Of the lines listed below, return exactly those that run from the line containing "Student Backpack Set" through the line containing "28 Watercolor dinosaur", both included.

------ Data shown ------

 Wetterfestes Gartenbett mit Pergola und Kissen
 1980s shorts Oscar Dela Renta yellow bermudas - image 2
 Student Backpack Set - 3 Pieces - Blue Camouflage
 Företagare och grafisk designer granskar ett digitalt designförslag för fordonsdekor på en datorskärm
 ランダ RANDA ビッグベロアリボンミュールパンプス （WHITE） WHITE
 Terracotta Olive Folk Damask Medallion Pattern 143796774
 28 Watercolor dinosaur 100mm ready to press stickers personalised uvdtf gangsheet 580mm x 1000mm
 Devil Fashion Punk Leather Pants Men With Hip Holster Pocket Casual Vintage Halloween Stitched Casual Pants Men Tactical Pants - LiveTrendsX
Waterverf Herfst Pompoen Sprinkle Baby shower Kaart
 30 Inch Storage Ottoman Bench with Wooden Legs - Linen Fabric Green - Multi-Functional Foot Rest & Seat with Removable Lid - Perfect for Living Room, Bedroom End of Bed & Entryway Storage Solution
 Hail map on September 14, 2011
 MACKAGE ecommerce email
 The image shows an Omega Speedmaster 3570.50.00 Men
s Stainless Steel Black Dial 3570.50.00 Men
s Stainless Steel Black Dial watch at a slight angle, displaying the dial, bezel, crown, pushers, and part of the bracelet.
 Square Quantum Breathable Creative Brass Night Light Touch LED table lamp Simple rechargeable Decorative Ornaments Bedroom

------

> Your response
 Student Backpack Set - 3 Pieces - Blue Camouflage
 Företagare och grafisk designer granskar ett digitalt designförslag för fordonsdekor på en datorskärm
 ランダ RANDA ビッグベロアリボンミュールパンプス （WHITE） WHITE
 Terracotta Olive Folk Damask Medallion Pattern 143796774
 28 Watercolor dinosaur 100mm ready to press stickers personalised uvdtf gangsheet 580mm x 1000mm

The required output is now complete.